:: WORK TASK ::
Under this line sits a listing. Repeat exactly and only its lines from the one holding "Lenovo ThinkPad L480" through the one holding "Thinking Isn’t Something"; skip pictures.

:: INPUT RECORDS ::
"""
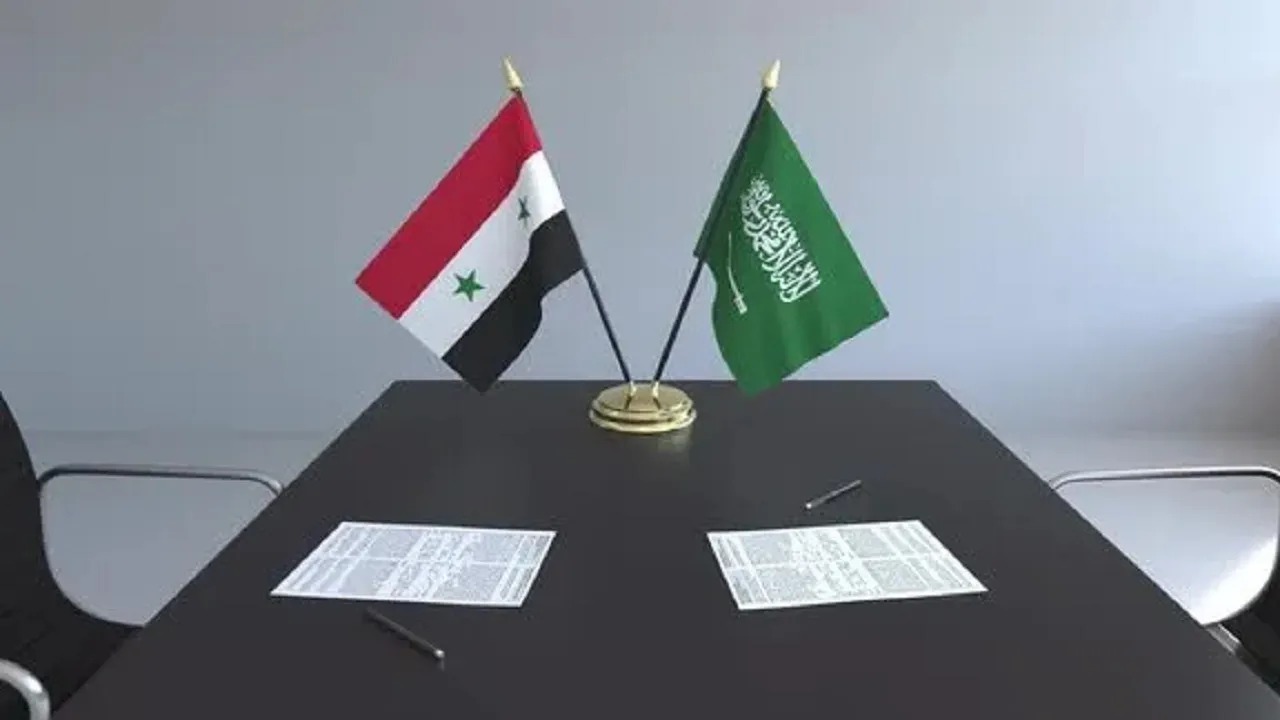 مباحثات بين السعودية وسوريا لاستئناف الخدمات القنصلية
"""
"""
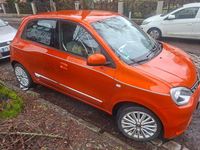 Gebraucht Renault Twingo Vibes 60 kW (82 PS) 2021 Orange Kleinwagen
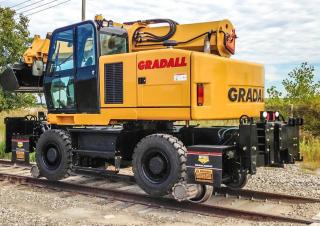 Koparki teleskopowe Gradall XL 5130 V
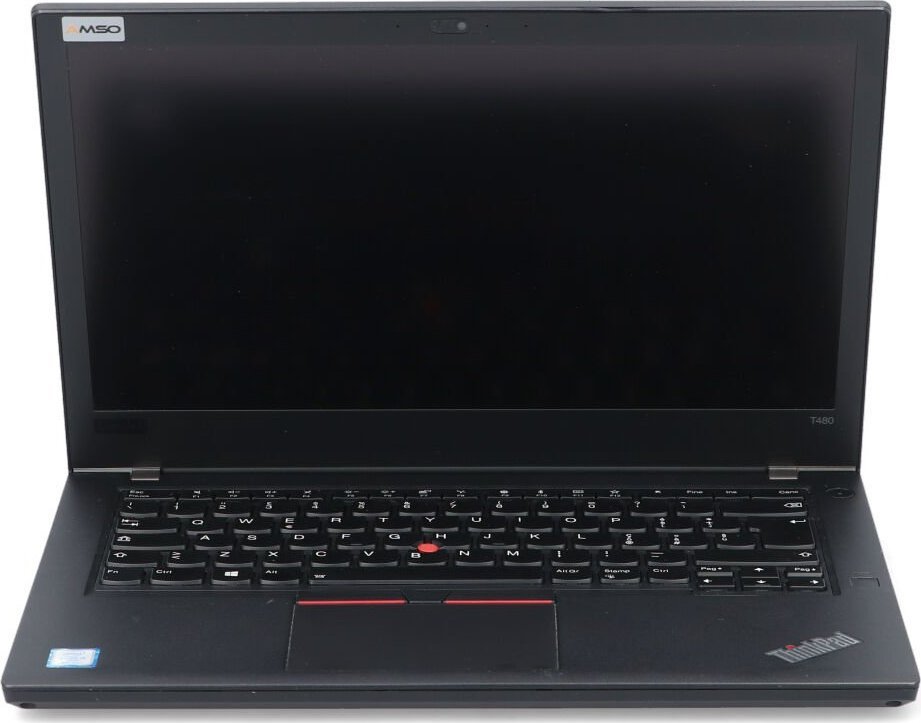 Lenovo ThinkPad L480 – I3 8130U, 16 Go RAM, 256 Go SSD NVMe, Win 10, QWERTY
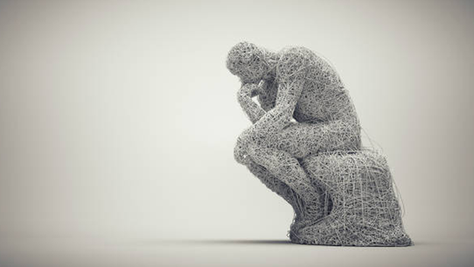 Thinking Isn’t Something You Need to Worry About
"""
:: ANSWER TO THIS EXERCISE ::
 Lenovo ThinkPad L480 – I3 8130U, 16 Go RAM, 256 Go SSD NVMe, Win 10, QWERTY
 Thinking Isn’t Something You Need to Worry About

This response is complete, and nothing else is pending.